Prices at Woodlands are quite reasonable: entrées range from $5.25 to $7.95, and there are a number of dinner special combinations, ranging from $12.95 to $16.95, that include everything from soup and appetizers all the way through dessert and coffee. A $6.95 lunch buffet is available from 11 a.m. to 2:45 p.m. and features breads, appetizers, pullavs, curries and desserts; the buffet lineup changes each day to keep things interesting for regular customers. Dosas are made fresh and brought out to buffet diners. The full menu is also available at lunch. The minimal interior design might benefit from a little more investment, but any shortcomings in Woodlands’ decor are far outweighed by the exquisite and varied flavors that abound there.

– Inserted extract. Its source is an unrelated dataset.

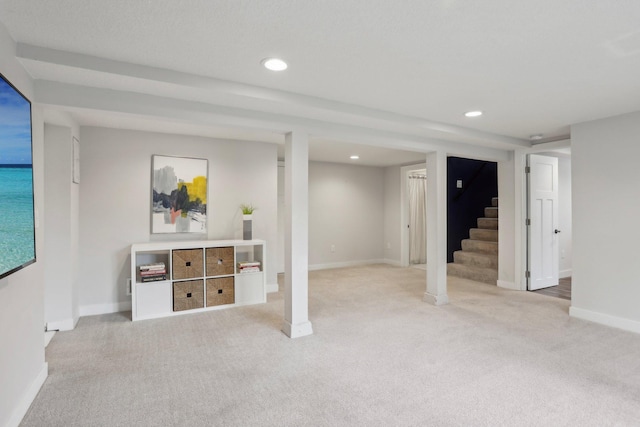 finished basement with baseboards, carpet flooring, stairs, and recessed lighting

In addition to doing most of the cooking, Kotian has been busy with his rapidly expanding catering business. Last week, he had eight parties to prepare for; the previous week, he served food at a birthday party for 400 people. Unlike the other restaurants that tried to make it in this same location, the future looks bright for Woodlands—and for Nashville’s vegetarians and fans of Indian cuisine.